[Items from a dataset]
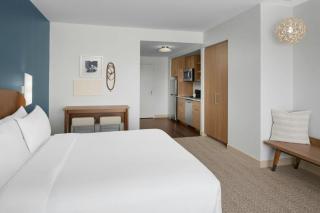 Element by Marriott Calgary Downtown - 2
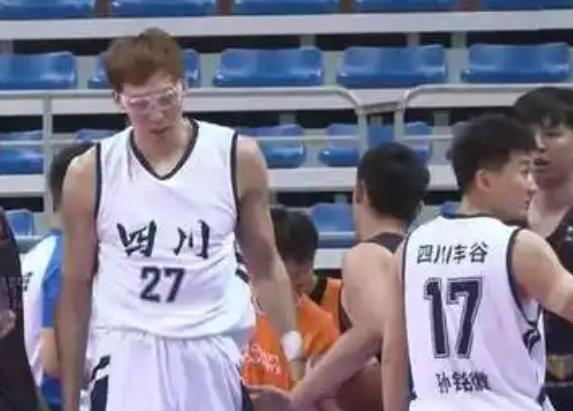 北京时间11月5日，今日的全运会男篮赛程如下：

16：00，四川VS河南：四川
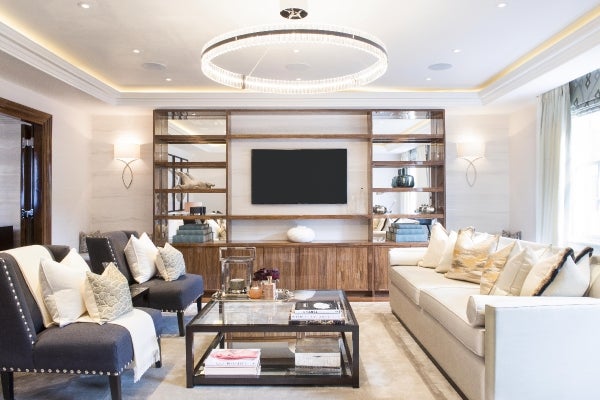Flat Grosvenor Hill in City of Westminster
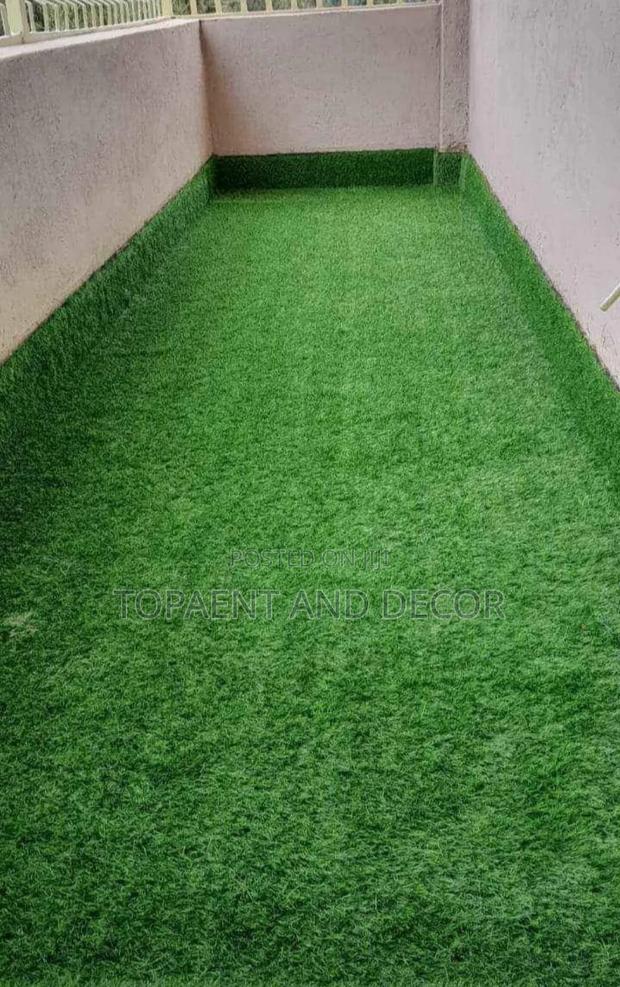Thick Artificial Grass Rug Durable and Easy to Clean - main view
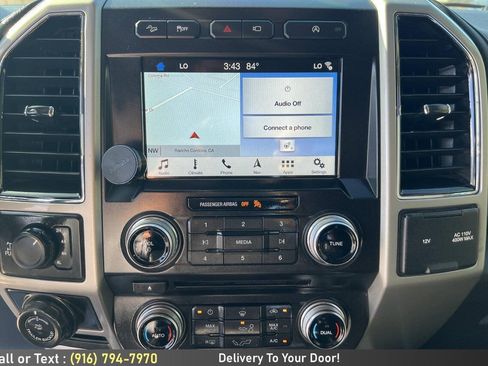 Used 2018 Ford F150 Lariat w/ Equipment Group 502A Luxury AWD/4WD image 16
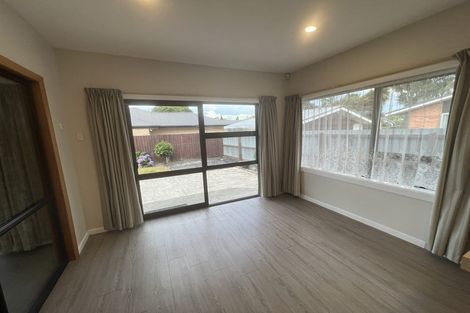 Photo of property in 32 Avonhead Road, Avonhead, Christchurch, 8042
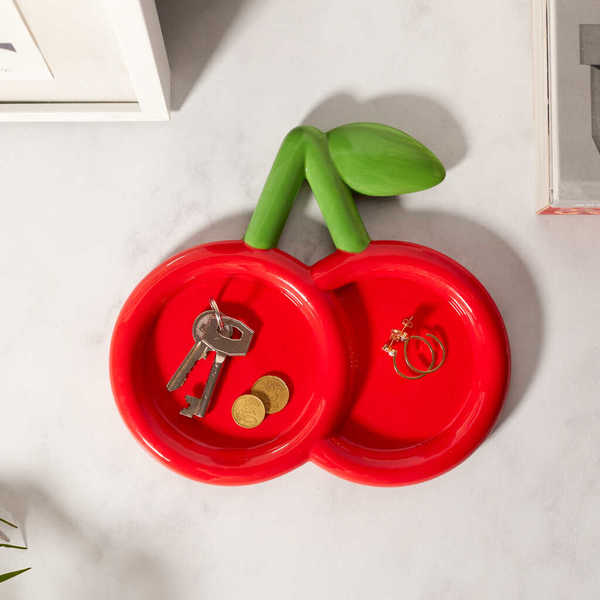 Mbajtese Bizhush Cherry red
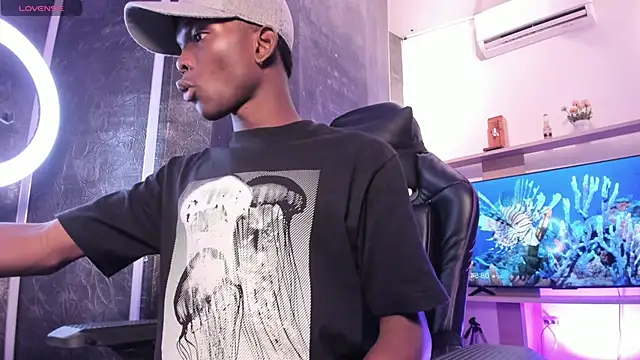 Snapshot of JacksonMuller_ chatting on 12/03/25, 01:53 JacksonMuller online show from 12/03/25, 01:53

• _Prompt_
Each line between the one holding "Flat Grosvenor Hill in City of Westminster" and the one holding "Photo of property", inclusive, should be copied exactly as it appears above, and pictures should be omitted.

• _Result_
Flat Grosvenor Hill in City of Westminster
Thick Artificial Grass Rug Durable and Easy to Clean - main view
 Used 2018 Ford F150 Lariat w/ Equipment Group 502A Luxury AWD/4WD image 16
 Photo of property in 32 Avonhead Road, Avonhead, Christchurch, 8042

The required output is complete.